Reproduce the listing below from the line with "kitchen featuring appliances" to the line with "Puede incluir: Una", both lines included, character for character, minus any pictures.

** Input material follows **

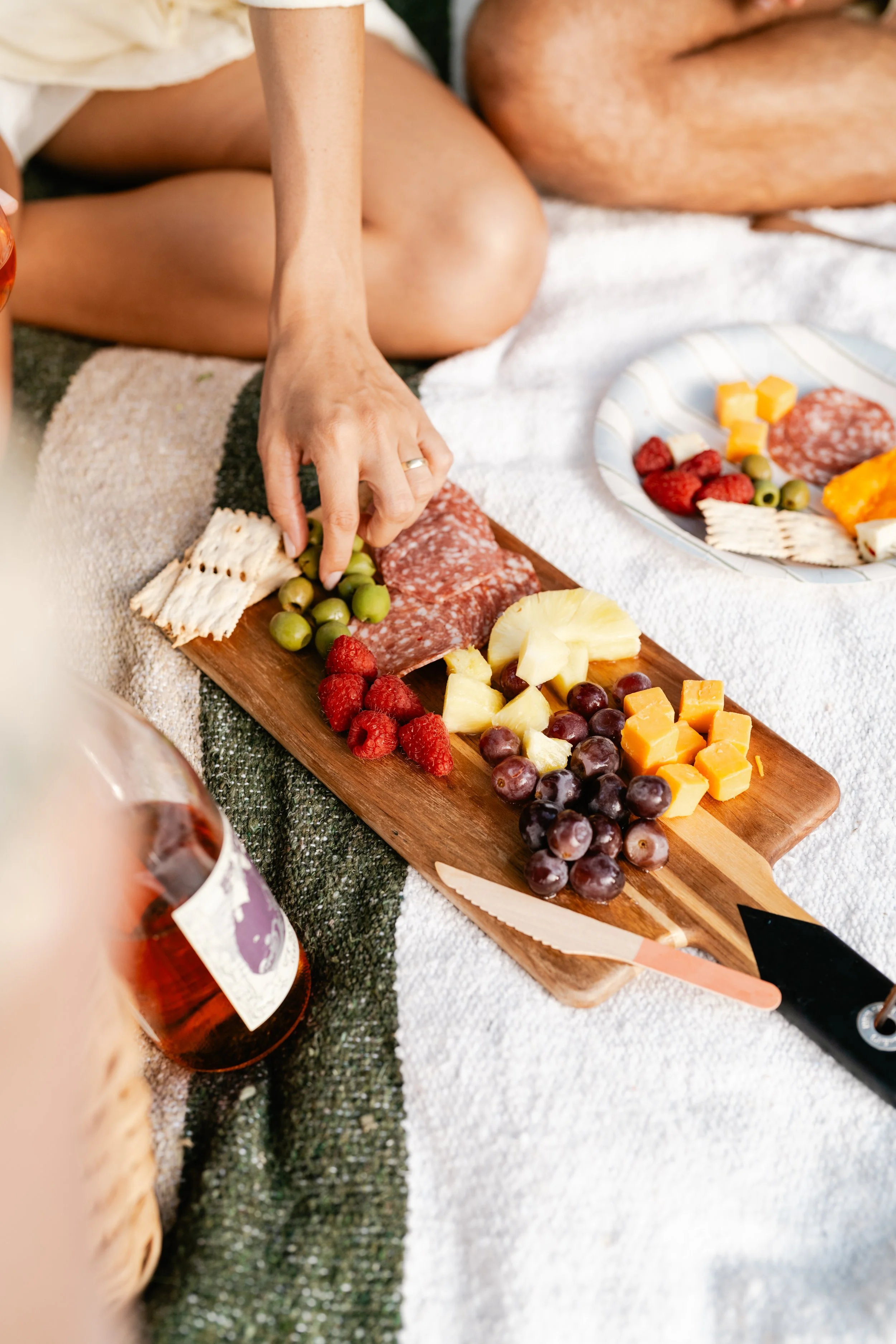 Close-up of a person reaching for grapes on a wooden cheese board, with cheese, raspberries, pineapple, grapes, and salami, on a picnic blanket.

** End of Input material **
** Input material follows **

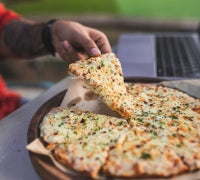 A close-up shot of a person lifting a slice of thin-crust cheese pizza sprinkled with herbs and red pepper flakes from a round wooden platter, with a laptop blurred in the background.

** End of Input material **
** Input material follows **

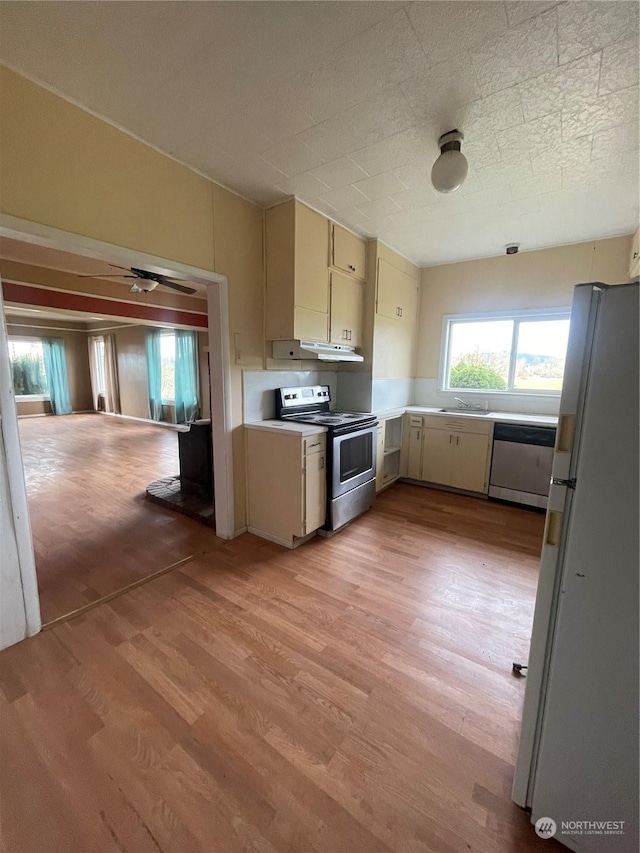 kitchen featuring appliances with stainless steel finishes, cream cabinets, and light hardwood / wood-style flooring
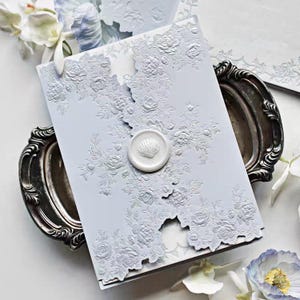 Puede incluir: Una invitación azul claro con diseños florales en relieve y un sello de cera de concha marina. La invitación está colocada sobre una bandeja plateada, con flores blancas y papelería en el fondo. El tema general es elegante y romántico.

** End of Input material **

### Answer to the problem
 kitchen featuring appliances with stainless steel finishes, cream cabinets, and light hardwood / wood-style flooring
 Puede incluir: Una invitación azul claro con diseños florales en relieve y un sello de cera de concha marina. La invitación está colocada sobre una bandeja plateada, con flores blancas y papelería en el fondo. El tema general es elegante y romántico.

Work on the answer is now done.